> [Problem requirements]:
All lines in the data that hold the word "Customer" need copying.

Top of Data for the task

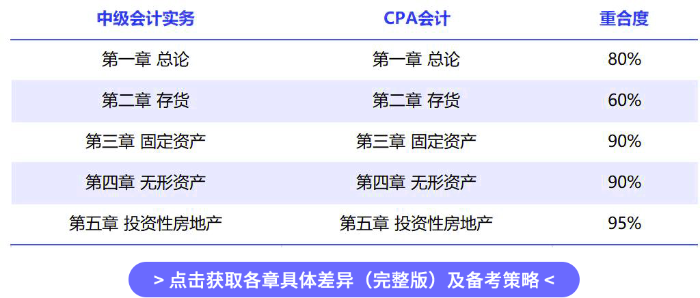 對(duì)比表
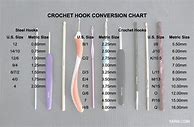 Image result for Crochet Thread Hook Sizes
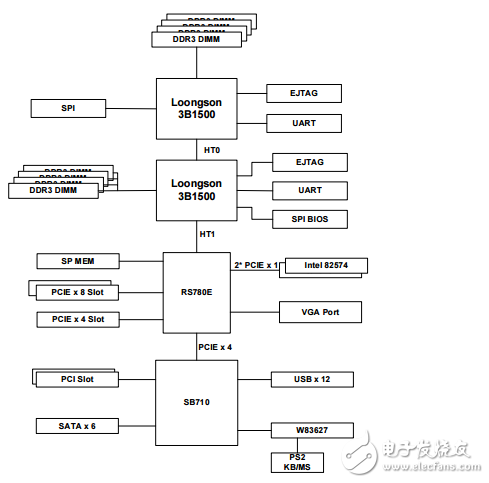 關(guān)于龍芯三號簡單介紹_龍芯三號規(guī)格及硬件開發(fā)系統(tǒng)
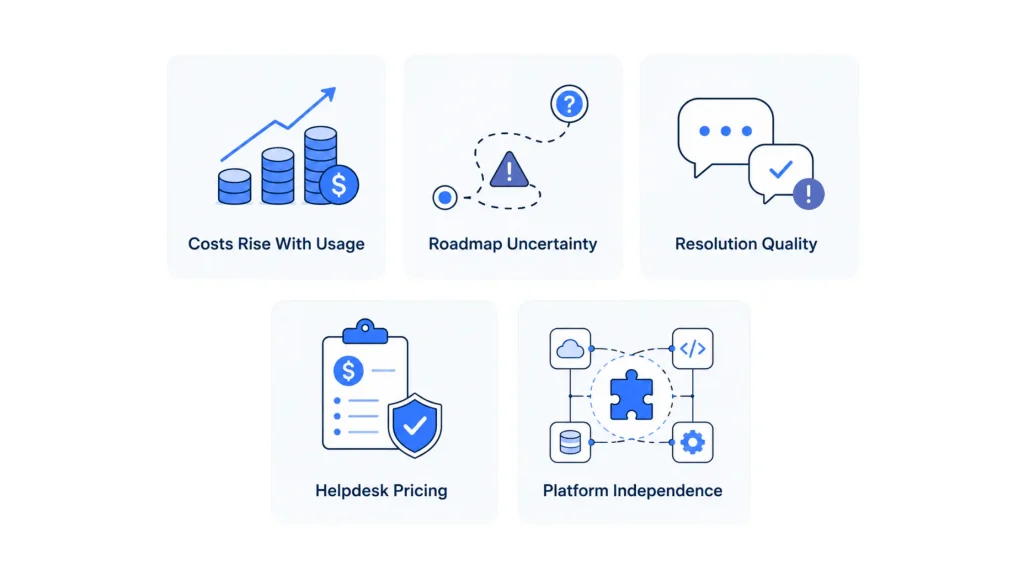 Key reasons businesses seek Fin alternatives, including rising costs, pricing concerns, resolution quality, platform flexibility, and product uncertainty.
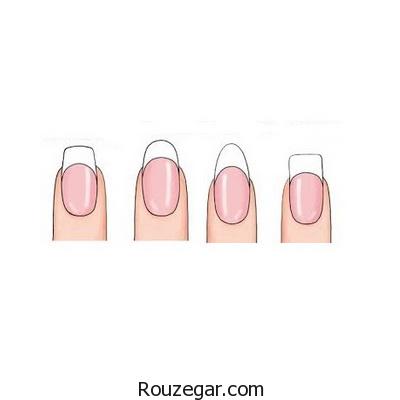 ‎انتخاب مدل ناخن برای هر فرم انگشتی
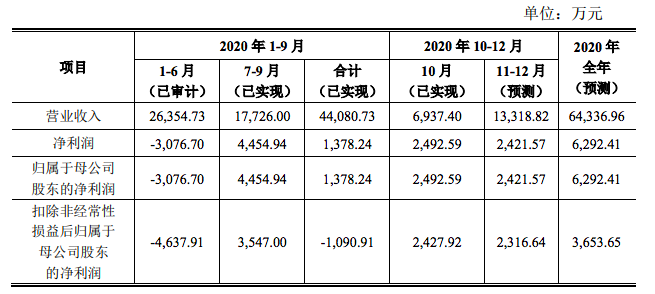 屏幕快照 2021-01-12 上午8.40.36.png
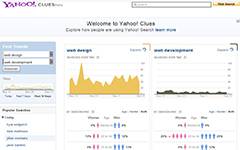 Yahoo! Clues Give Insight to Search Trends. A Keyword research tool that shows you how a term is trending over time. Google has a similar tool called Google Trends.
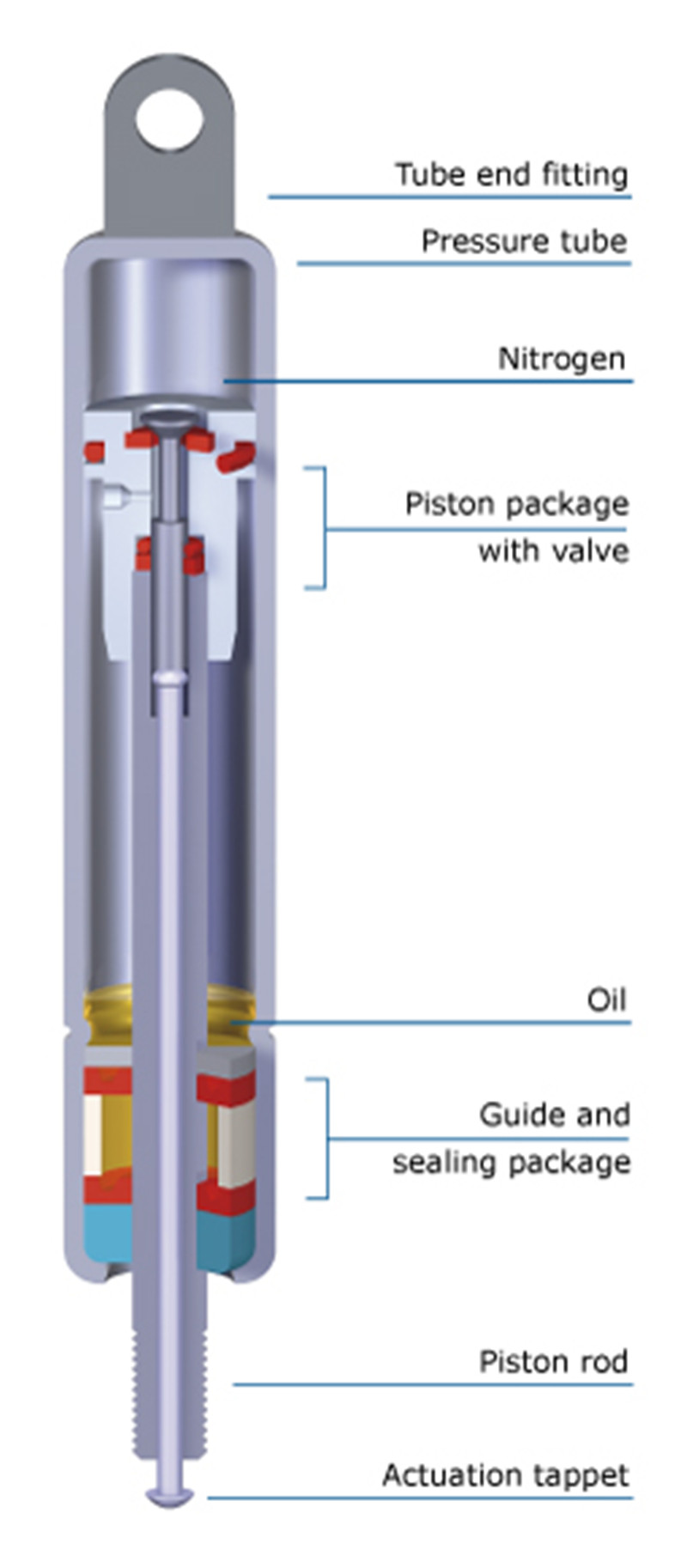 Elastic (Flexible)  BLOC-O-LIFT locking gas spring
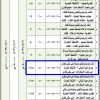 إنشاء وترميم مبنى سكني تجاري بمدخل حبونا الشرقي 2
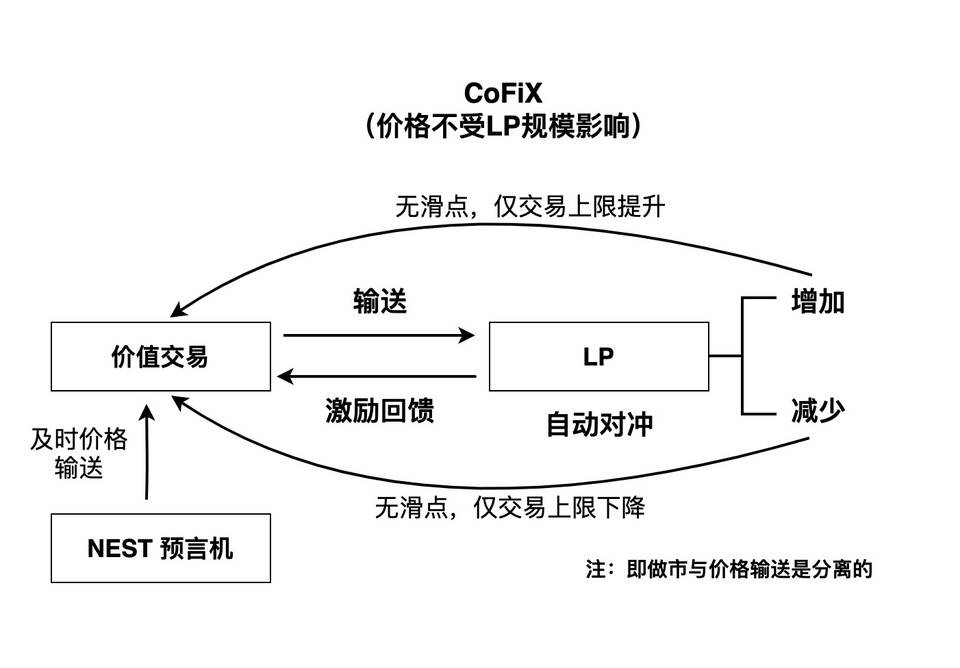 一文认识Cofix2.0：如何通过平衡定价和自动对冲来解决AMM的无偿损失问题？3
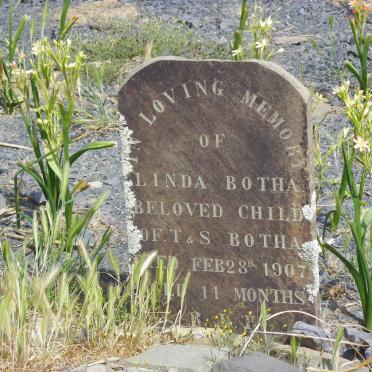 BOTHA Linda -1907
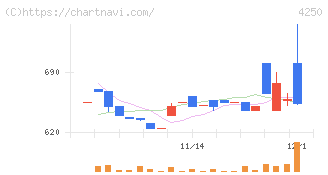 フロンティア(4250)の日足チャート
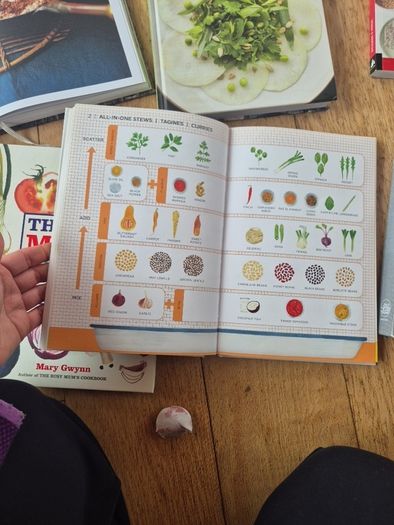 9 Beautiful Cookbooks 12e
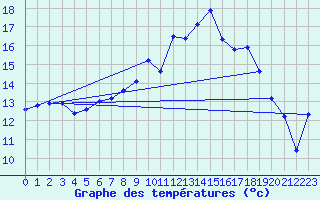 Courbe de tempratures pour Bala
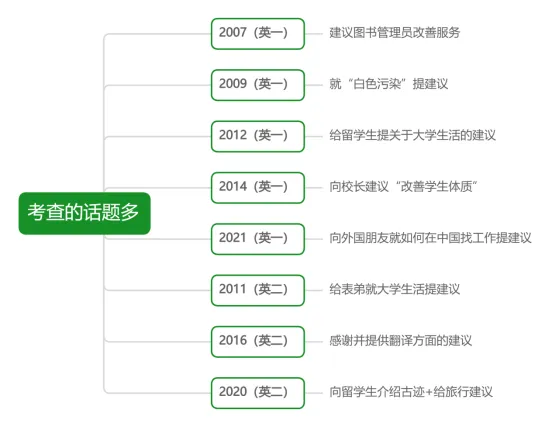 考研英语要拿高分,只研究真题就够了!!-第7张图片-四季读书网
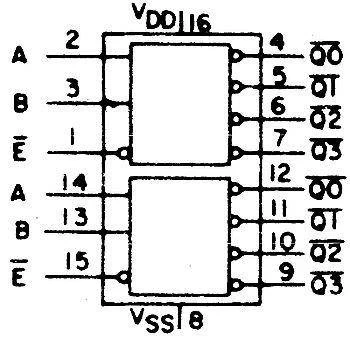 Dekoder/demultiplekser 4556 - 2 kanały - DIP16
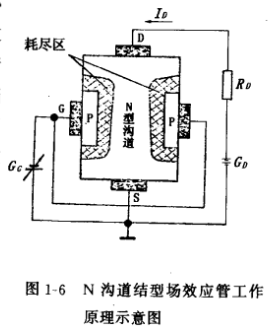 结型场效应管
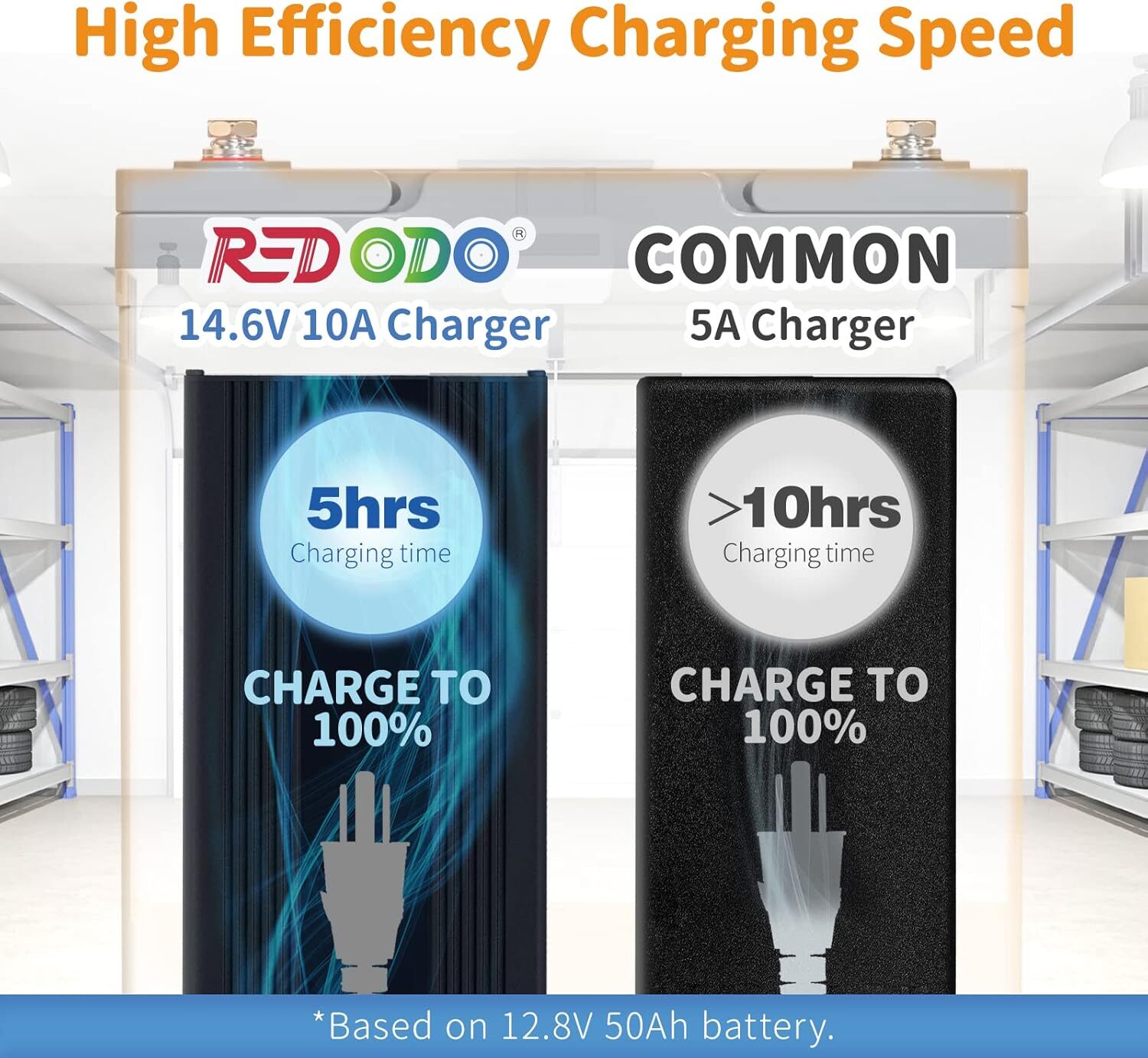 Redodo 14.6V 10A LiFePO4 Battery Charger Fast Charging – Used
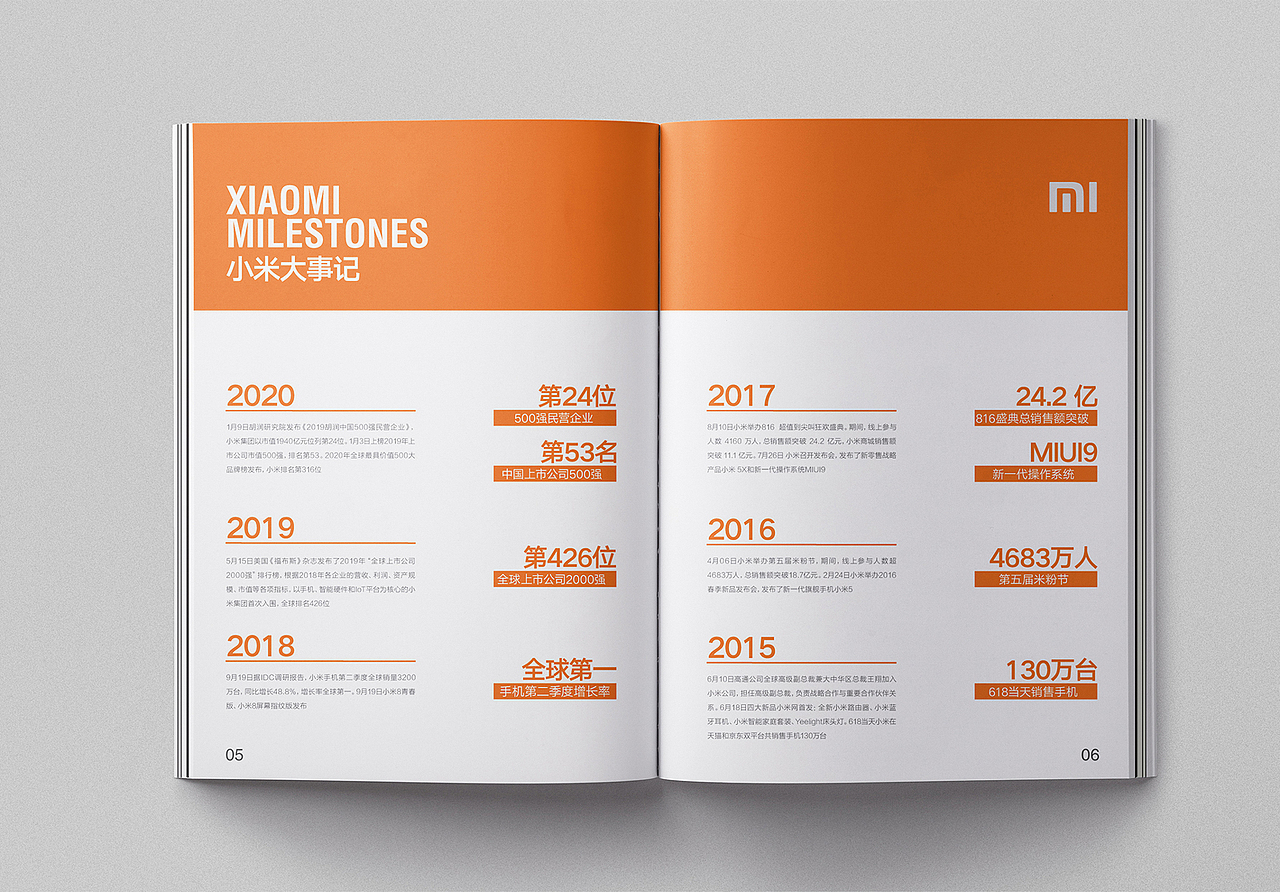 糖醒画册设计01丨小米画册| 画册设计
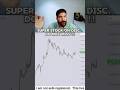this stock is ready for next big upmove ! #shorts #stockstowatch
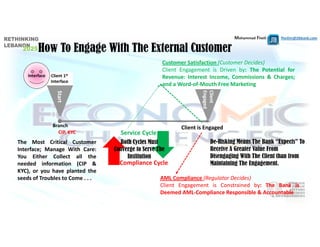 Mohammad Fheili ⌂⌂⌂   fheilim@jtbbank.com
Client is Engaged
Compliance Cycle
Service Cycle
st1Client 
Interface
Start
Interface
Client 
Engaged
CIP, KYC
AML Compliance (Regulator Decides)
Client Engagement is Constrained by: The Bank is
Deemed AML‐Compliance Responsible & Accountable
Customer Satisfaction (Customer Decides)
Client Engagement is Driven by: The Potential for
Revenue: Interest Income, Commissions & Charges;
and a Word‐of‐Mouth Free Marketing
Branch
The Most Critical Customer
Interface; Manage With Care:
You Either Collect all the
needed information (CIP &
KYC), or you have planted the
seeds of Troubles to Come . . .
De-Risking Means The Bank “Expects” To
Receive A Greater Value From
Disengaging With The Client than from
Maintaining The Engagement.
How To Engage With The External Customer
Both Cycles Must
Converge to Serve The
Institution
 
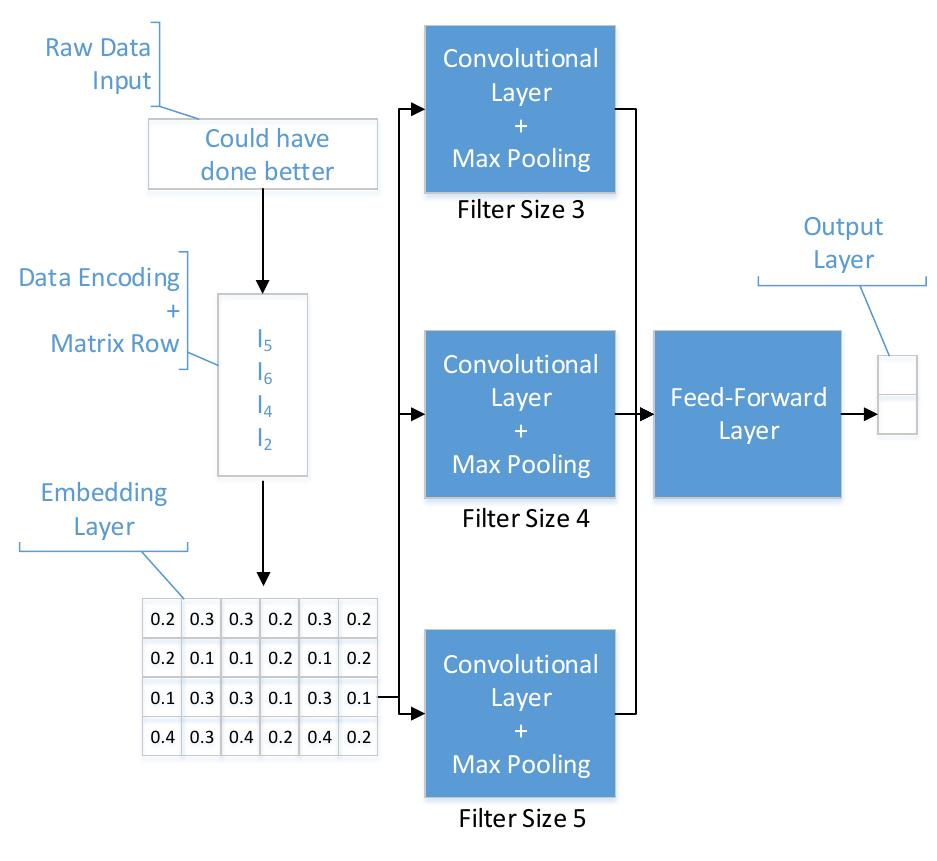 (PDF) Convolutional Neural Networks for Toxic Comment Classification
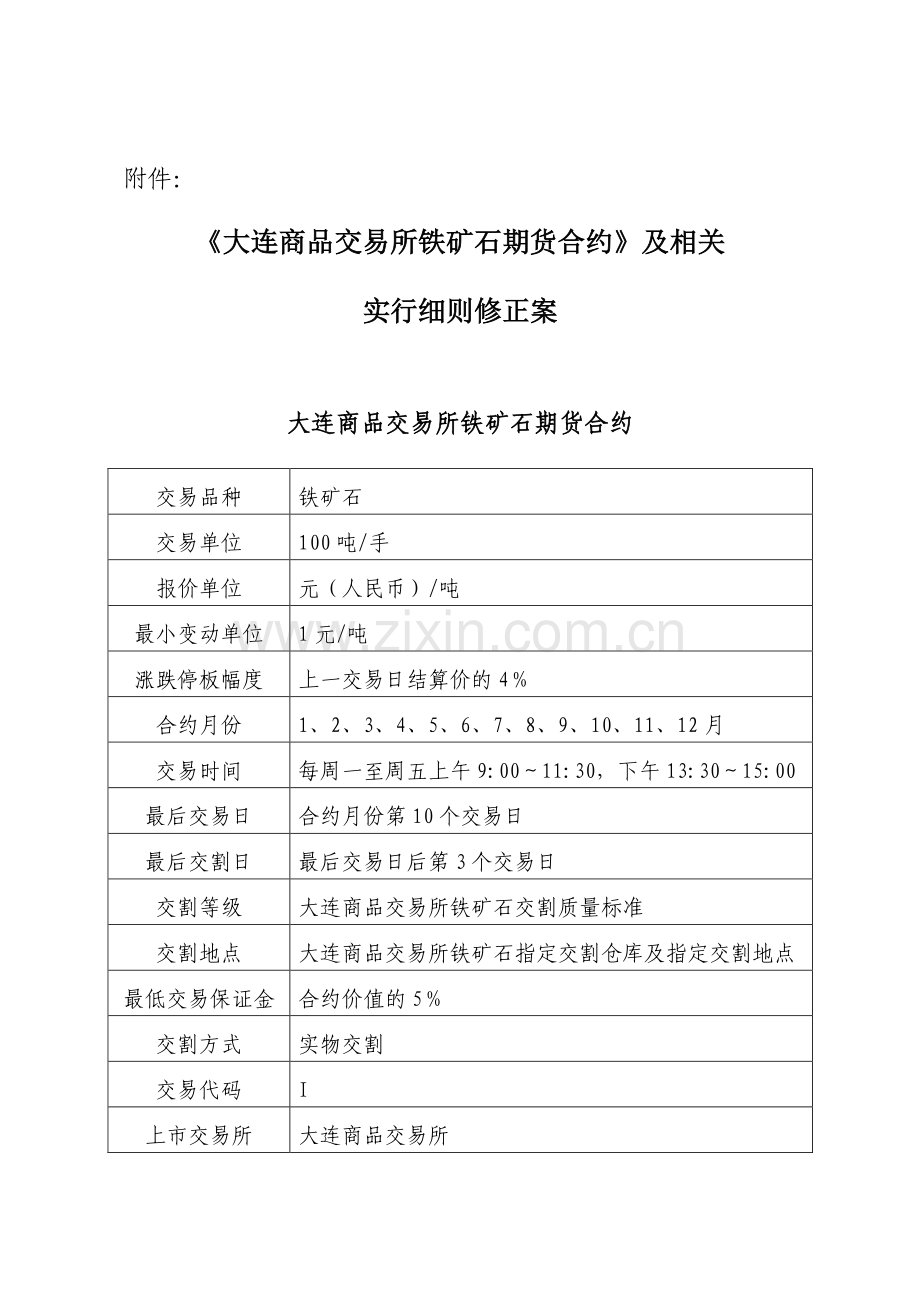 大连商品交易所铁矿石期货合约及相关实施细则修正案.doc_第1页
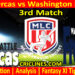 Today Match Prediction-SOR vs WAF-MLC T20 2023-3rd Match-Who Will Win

Bottom of Data for the task

> [Your response]:
Customer Satisfaction (Customer Decides)
The Most Critical Customer
How To Engage With The External Customer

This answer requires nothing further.